Run Report #2041 25/7/2012

The farewell run

Hares: Shoe Shopper & Wet Patch

Where: Temasek Club Car Park

On On: Colbar

The Circle:

Crikey, so what did we think of that for a run? The run was a quickie, and the circle premature. A good run, nonetheless.

Tell us about your On On: Colbar, get there before the kitchen closes.

Next week’s run: Kan the Kobra’s birthday run.

Lipstick: Boo and Buttwiper.

Tits: Malfunction had said to Sybil when she was running, “Ladies don’t run, it’s not good for you.” (Brief history lesson – Women were once considered too weak to run a full marathon, and were thus barred from the event. In 1966, Bobbi Gibb ran the Boston Marathon unregistered, finished in 03:21:40, and became the first woman to run that race.) Sybil gave Malfunction the tits for being a Male Chauvinist Pig (MCP), and reminded him that “for god’s sake, it’s Wednesday and this is a women’s hash”.

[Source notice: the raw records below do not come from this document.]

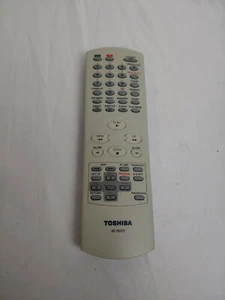 TOSHIBA SE-R0121 DVD/TV REMOTE CONTROL SD-2860SC SD-K740 21207-14 TESTED - Picture 1 of 3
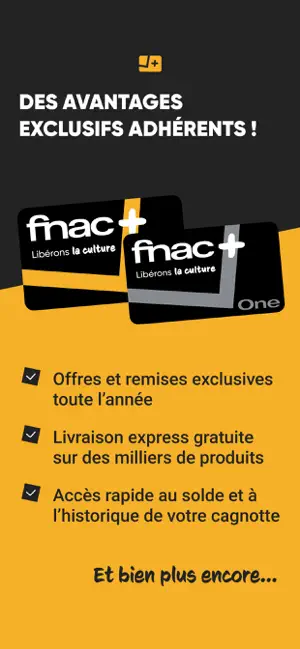 FNAC - Achat en ligne iPhone screenshot 5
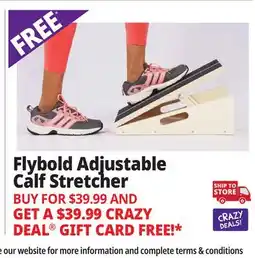 Ocean State Job Lot Flybold Adjustable Calf Stretcher offer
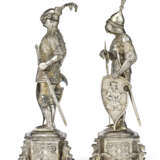 A PAIR OF GERMAN SILVER KNIGHTS - photo 5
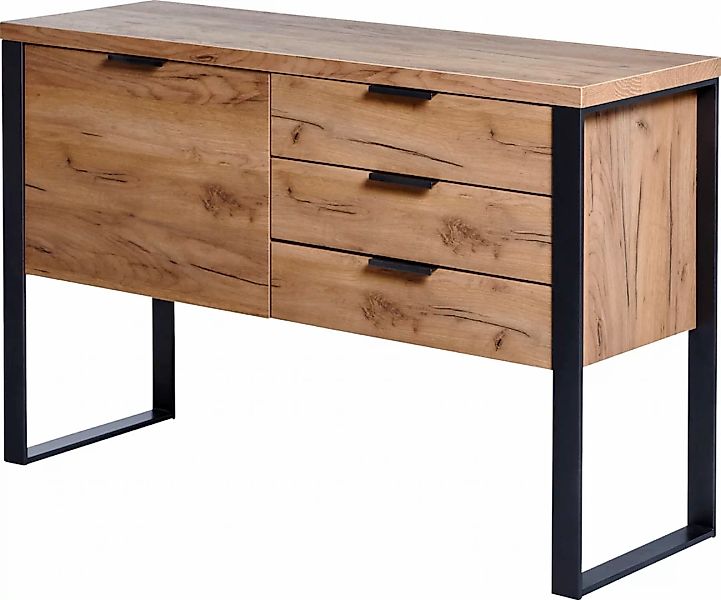 Jahnke Sideboard "LOOP", Breite ca. 119 cm günstig online kaufen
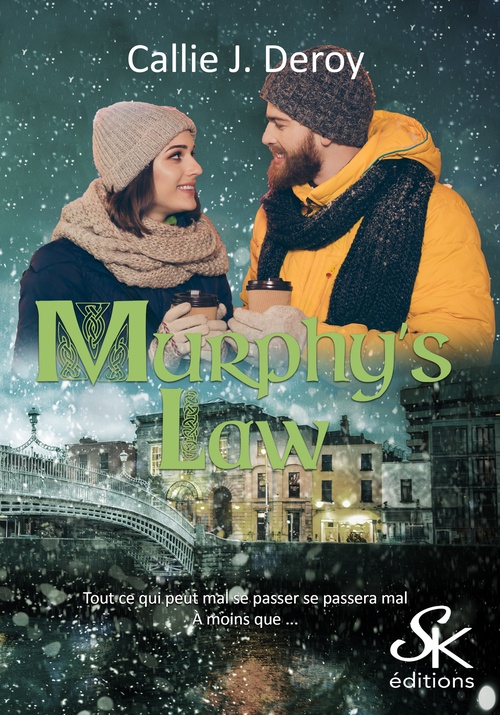ebook cover of Murphy's law, by Callie J. Deroy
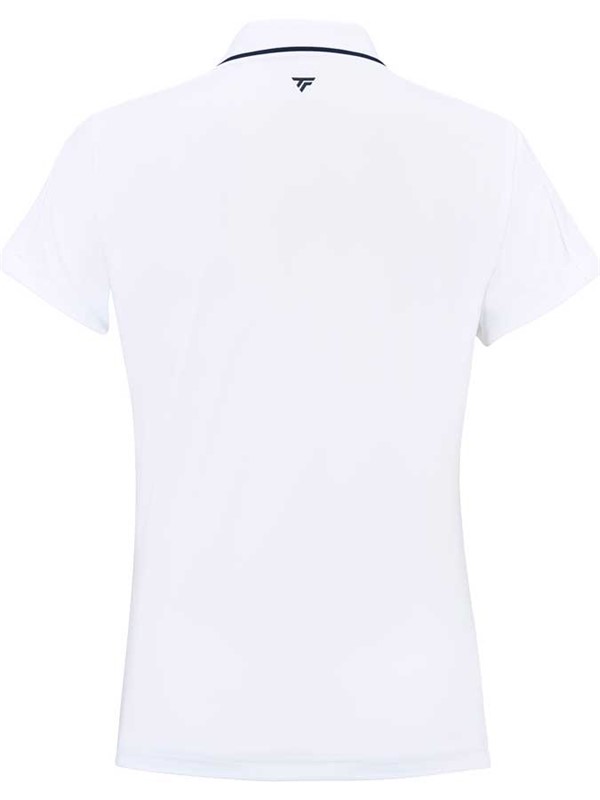 Tecnifibre ženska majica Team Tech Polo White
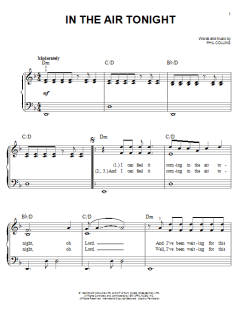 In The Air Tonight von Phil Collins (Download) 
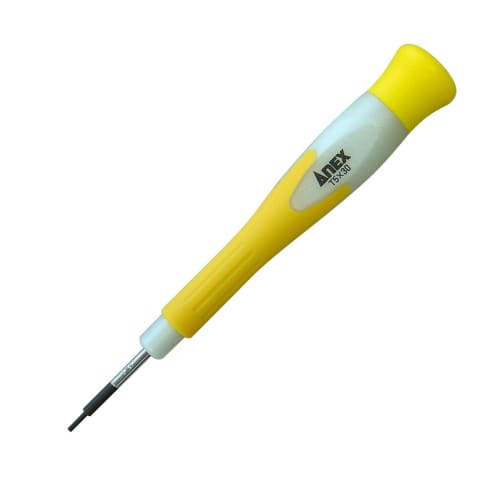 

ANEX Precision Hexalobular Screwdriver, Super Fit, T5 x 30, No Hole, No. 3542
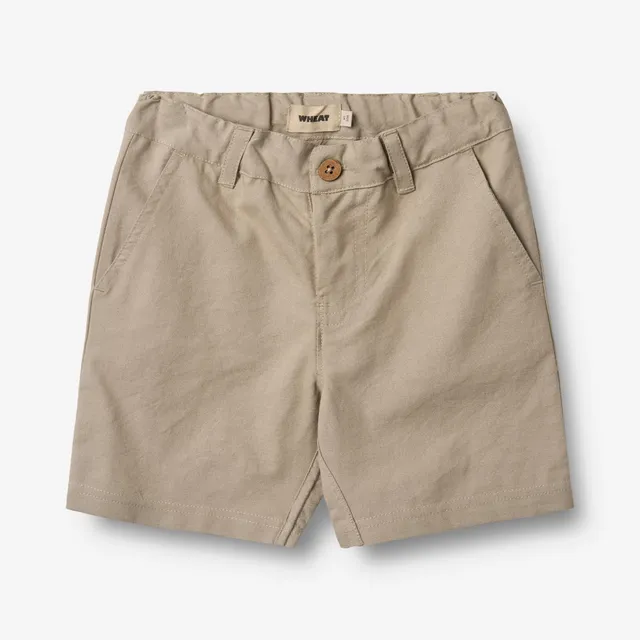 wheat-mogens-chino-shorts-bio-baumwolle-beige-stone image 1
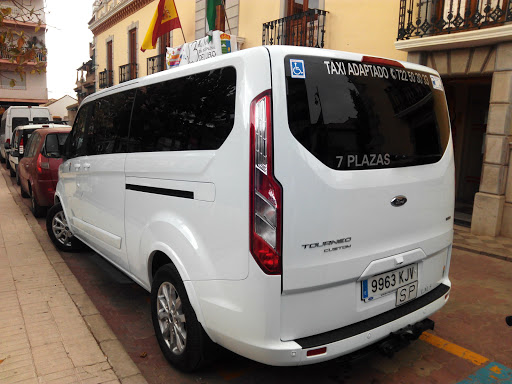 Taxi Atarfe, 7 plazas adaptado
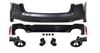 Audi A6 Arka Tampon Set RS6 Avant DOGAN-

Farewell: The hares were called into the circle, and told that they would be sorely missed. The GM, however, said that she wouldn’t be missing their frequent snogging. She was also glad that they were going to Melbourne when it is now frigid cold – they won’t be doing much there. The circle turned on the GM, sensing some jealousy.

Farewell gifts were presented to the hares – fuck-me pyjamas for Shoeshopper; and a red Adidas hat with “England” boldly printed on the front in white. We’re almost certain it’ll be a hit with the Australians.

Dick: Still with Herr Zipp?


· Comes Quietly was charged for his faux pas during the run – he had referred to Too Easy as “just an old bag”. Too Easy is a little over 50, hardly an “old bag” considering the average age of the hash.

· Wet Patch admitted to doing only one recce with Shoeshopper, during which he had to get down and dirty cleaning up their dog’s poo because Shoeshopper refused to go near the dog. She’s the meanest, indeed.

· Fat Crashing Bastard charged Shoeshopper for not only being mean, but also getting rid of her “old, tired pussy” before going away (probably in exchange for a new one in Melbourne). He wondered who the hell would want Shoeshopper’s second-hand pussy. Here Welsh Git and Wet Pet surprised us all by indicating their enthusiasm.

· Shoeshopper charged Buttwiper for racing during the hash.

· Boo had observed that although Cherry Picker brought his wife to the hash, he didn’t teach Mrs Picker the relevant hash conventions. Poor Mrs Picker.

· Not Tonight charged Malfunction for telling Sybil to slow down during the run, because she was making him look bad.

· Loose Change was charged for being the ultimate short-cutting bastard. Here’s to Grandma!

· Sherlock had intended to borrow a hash shirt from his parents, but according to Wet Patch, he went to the “not-male” drawer instead of the “male” drawer. Sherlock mounted an excellent defense – “It’s not stretched in places it shouldn’t be!”

· Malfunction was charged for his pre-hash gluttony, overindulging in beer and the worst chips ever. No wonder Sybil was making him look bad, the fat bastard.

· The GM was visibly upset with Boo for giving her the cold shoulder during the run. She had just returned to Singapore and already was received so poorly.

· Maggot charged Wet Patch for underestimating the hash. Wet Patch bet we would finish the run in 52 minutes, maybe slightly faster for Tiger Lily. It turned out to be bullshit – a good number of runners finished in 46 minutes.

· Shoeshopper charged Boo for being an abrasive arse – he had yelled at the GM, “OY, WET BRAZILIAN! I CAN SEE YOUR BUM!” (The scribe has conveniently forgotten the context in which this occurred.)

Fuck-off, you c*nts, and on-on to The Colbar.